Recently someone posed me the question I believe made popular by the latest book and film based on a true story, “Heaven Is For Real”. I was asked, “If you knew heaven was for real, wouldn’t you change the way you live?” The poser of the question, a self-proclaimed devout Christian, has a laundry list of things she would change, if only she were sure that heaven existed.
“…wouldn’t you change the way the you live?”
My answer to the question is no. I wouldn’t change the way I live. I don’t know if that speaks highly of me or poorly of her, but there is nothing I would change. I seek to live and love and take care of myself, my family and this planet to the best of my ability.

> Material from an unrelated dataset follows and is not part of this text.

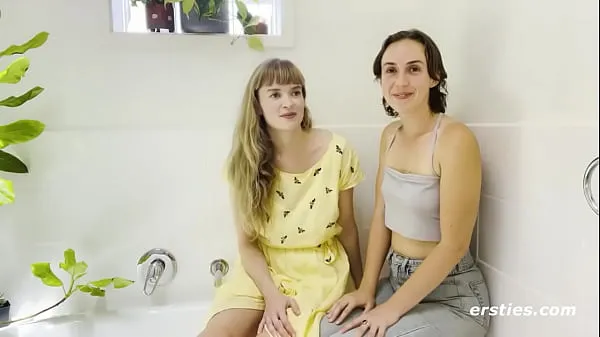 XXX Cute Babes Enjoy a Sexy Bath Together μέγα σωλήνα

I see those things as gifts, period, not gifts from a god, just gifts that I should appreciate and keep well, not for the reward that may or may not come after.
As I sit here and think about my cousin who died three days ago of a heroin overdose I wonder what I could have done for him and, religion or no religion, why he was not able to cherish his life. It sounds cliché or even cruel now that he is gone, but he had everything going for him before he started taking drugs – a loving family, a beautiful wife, tons of friends, his health, his good looks (it runs in the family, of course), an excellent education, what looked like might be a promising career, the means necessary to make his dreams come true. And now he’s gone, leaving his mother with the memory of the first time she laid eyes on him at his birth and the last time as she found his lifeless body. I cry, but not for me. I cry for them, his mother who has no time to to grieve as she has to keep the family together, for my uncle who hoped the latest prison time and tough love would finally do the trick, for his sister who lost her closest confidante and of course for him – for losing his will to live, his will to fight. I think that the family will never be the same again.
4 comments:
It's very sad about your cousin. Addictions have powerful holds.
I've heard the what would you change question asked another way -- what would you change if this was your last day on earth.
I'm like you, Chris, there's nothing I would change. Sounds like we're both content with our choices, which is a very good thing. :-)
Y'know, maybe I would go to Poznan more often ;)
Heaven is in us.
So sorry to hear about your cousin's death.